Let $L = CW \cap MM_A$, let $D \in (ABC)$ such that $AD \parallel BC$, let $T = PQ \cap AD$, let $S = AD \cap MM_A$.

$\textbf{Claim 3:}$ $L \in (CMPY)$ and $\overline{LPX}$ are collinear.

$\textbf{Proof:}$ $$\measuredangle CLM = \measuredangle C/2 = \measuredangle (90- A/2 - B/2) = \measuredangle BPC - \measuredangle APQ = \measuredangle CPM $$. $$90^{\circ}= \measuredangle CPL = \measuredangle (90-B/2) + \measuredangle (B/2) = \measuredangle CPB + \measuredangle BPX = \measuredangle CPX $$
$\textbf{Claim 4:}$ $APQSM_{BC}$ is cyclic where $M_{BC}$ is arc midpoint of $BC$ containing $A$.

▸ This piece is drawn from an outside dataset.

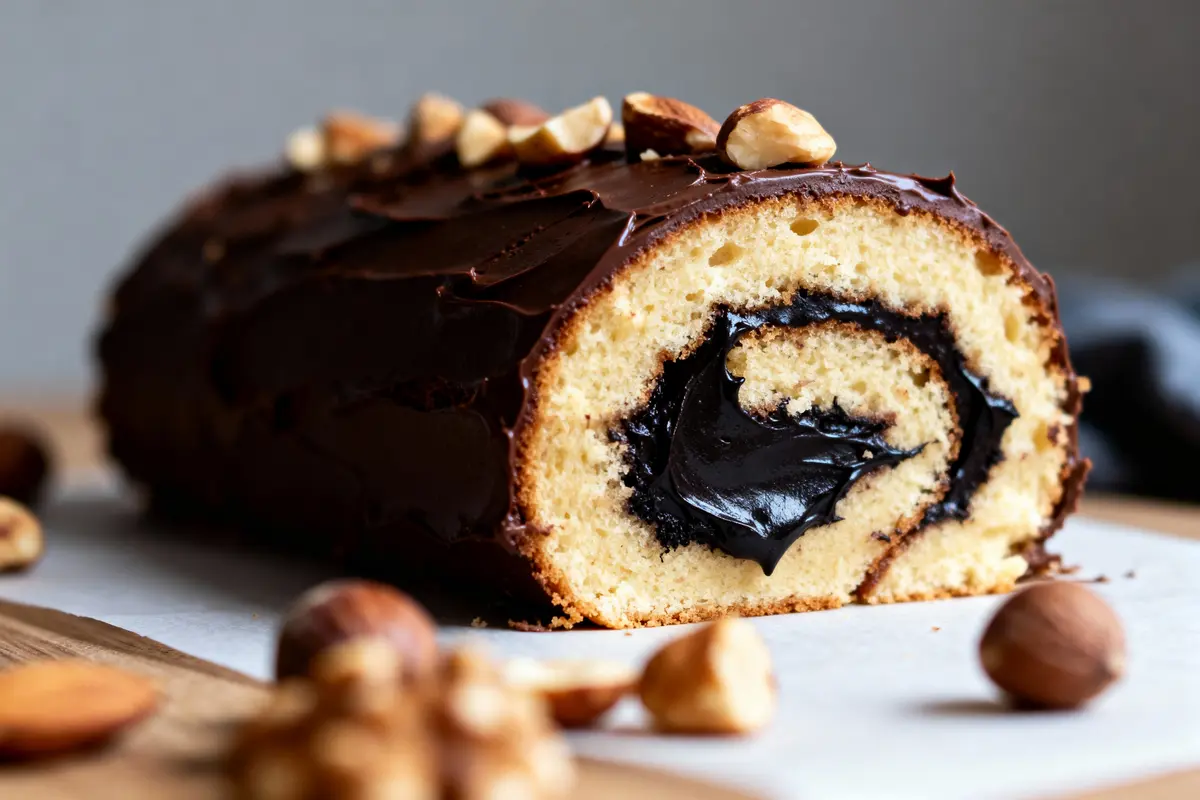 Gâteau roulé à la crème chocolatée, garni de noisettes, posé sur une planche en bois.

$\textbf{Proof:}$ $APQM_{BC}$ is cyclic as $M_{BC}QC \equiv M_{BC}PB$, notice that $\overline{MPQ}$ is simson line of $M_{BC}$ as $\measuredangle AQM_{BC} = 180-\measuredangle (90-A/2)-\measuredangle A/2 = 90 $ so $(APQ)$ is circle with diameter $M_{BC}A$ which implies $S \in (APQ)$ as well.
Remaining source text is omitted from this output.